热处理增强Au纳米颗粒超薄膜光电子发射的研究

Annealing-enhanced photoelectron emission from ultra-thin Au nanoparticle film

本文制备了平均直径为1.4 nm的11-巯基十一烷酸(Mercaptoundecanoic acid,MUA)修饰的金纳米颗粒,随后通过硅晶片上壳聚糖薄涂层静电吸附制备了厚度约为10 nm的超薄膜,原子力显微镜(Atomic Force Microscopy,AFM)和扫描电子显微镜(Scanning Electron Microscopy,SEM)表明金纳米颗粒在薄膜中分布较为均匀且薄膜较平整。进一步采用紫外光电子能谱(Ultraviolet Photoelectron Spectroscopy,UPS)研究了不同热处理温度对超薄膜的二次电子发射能力的影响。结果表明,适度的热处理有助于超薄膜二次电子发射强度的提高,尤其是经150°C热处理的薄膜二次电子发射峰强是未处理样品的4倍,更高的热处理温度造成二次电子发射峰强度急剧下降。本文结果有助于推动有机配体金纳米颗粒超薄膜在光电子发射材料方面的应用。
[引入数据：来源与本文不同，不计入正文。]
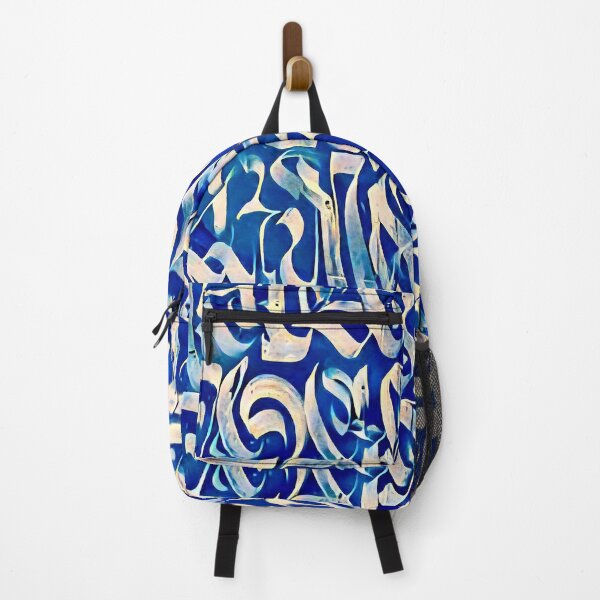 Item preview, Calligraphic Chaos – Blue Energy Composition designed and sold by MyyVibe.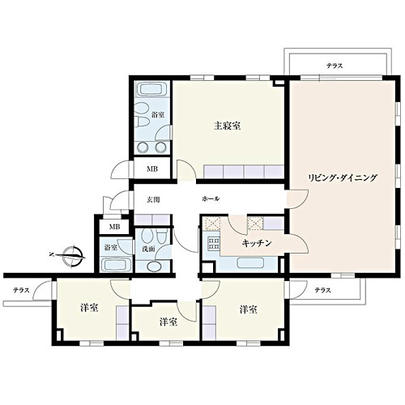 Floor plan. Mato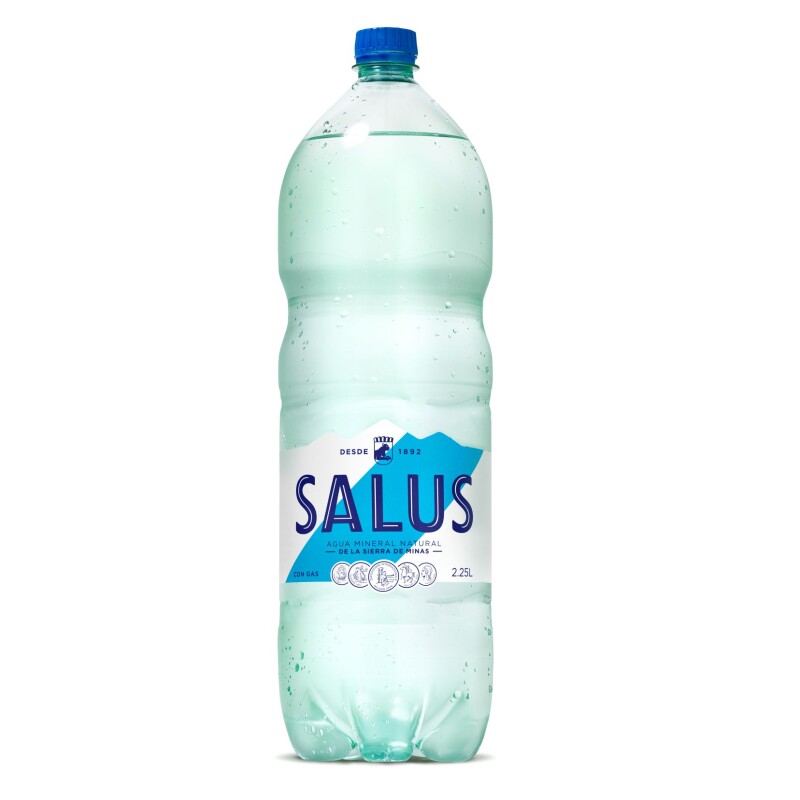 AGUA SALUS C/GAS 2.25 L Agua Salus C/gas 2.25 L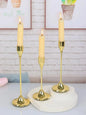 European Metal Candle Holders Set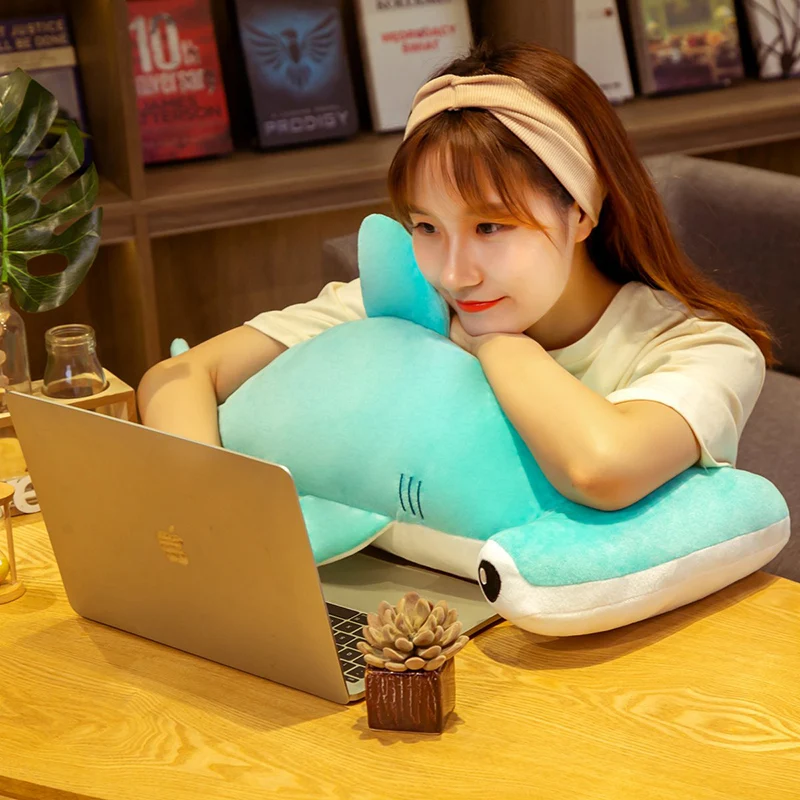 Бесплатная доставка мягкие плюшевые куклы в виде молотковой головы акулы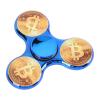 ABS Electroplating Fingertip Gyro, Rotating Sensory Fidget Toy, Great Party Favors for Adults, Birthday, Classroom Prizes (Blue) view 2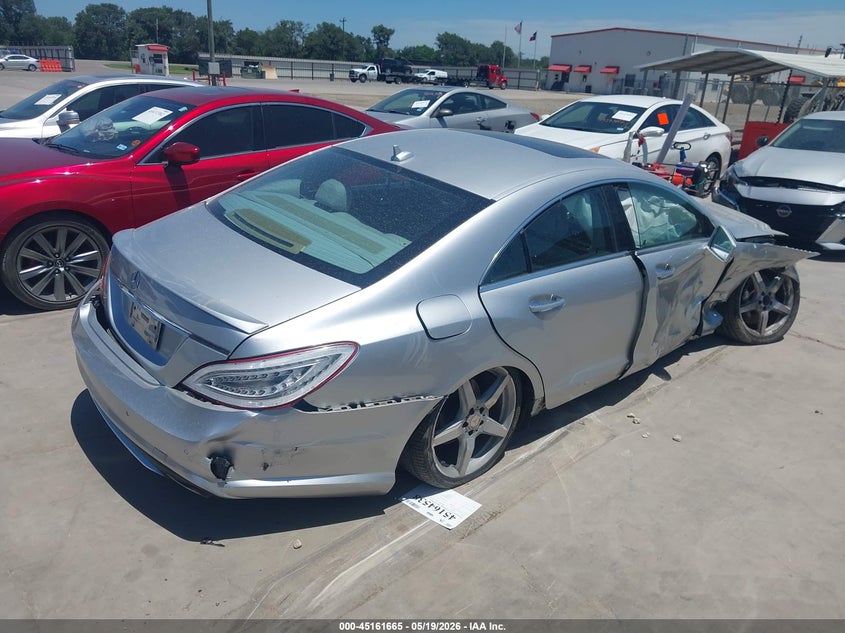 2012 Mercedes-benz Cls-klasse VIN WDDLJ7DB6CA057452 IAAI salvage auction — FRONT & REAR, Salvage (Texas), sold $850 on 2026-07-21 (photo 4)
Background： Ligated Au nanoparticle （Au NP） thin films show enhanced photoemission due to the fact that Au-S chemical bonding significantly improves the Au NP-ligand interface transmission probability. Purpose： This study aims to investigate how annealing influences the secondary electron photoemission from ultra-thin ligated Au NP films. Methods： Transmission electron microscopy （TEM）, atomic force microscopy （AFM）, scanning electron microscopy （SEM）, synchrotron-based grazing incidence X-ray diffraction （GIXRD）, and ultraviolet photoelectron spectroscopy （UPS） were employed to study size distribution of ligated Au NP, surface morphology, elemental compositions, microstructure of the film, and photoelectron emission from the film, respectively. Results： Mercaptoundecanoic acid （MUA） ligated Au NP with an average diameter of -1.4 nm was used to fabricate ultrathin film with a thickness of 10 nm. AFM and SEM results showed that Au NP was distributed well and the film was quite smooth. Using SEM, it was found that S composition became less with increasing annealing temperature. UPS spectra revealed that the secondary electron photoemission peak from Au NP film after annealing at 150 ℃ was about 4 times larger than that of thin film without annealing. However, annealing at an even higher temperature caused a dramatic decrease of secondary electron photoemission. Conelusion： The present study demonstrated that an annealing at a proper elevated temperature enhanced the secondary electron photoemission from ultrathin MUA ligated Au NP films, which would promote applications of the ligated Au NP films as promising photoelectron-emission materials for photoelectron devices.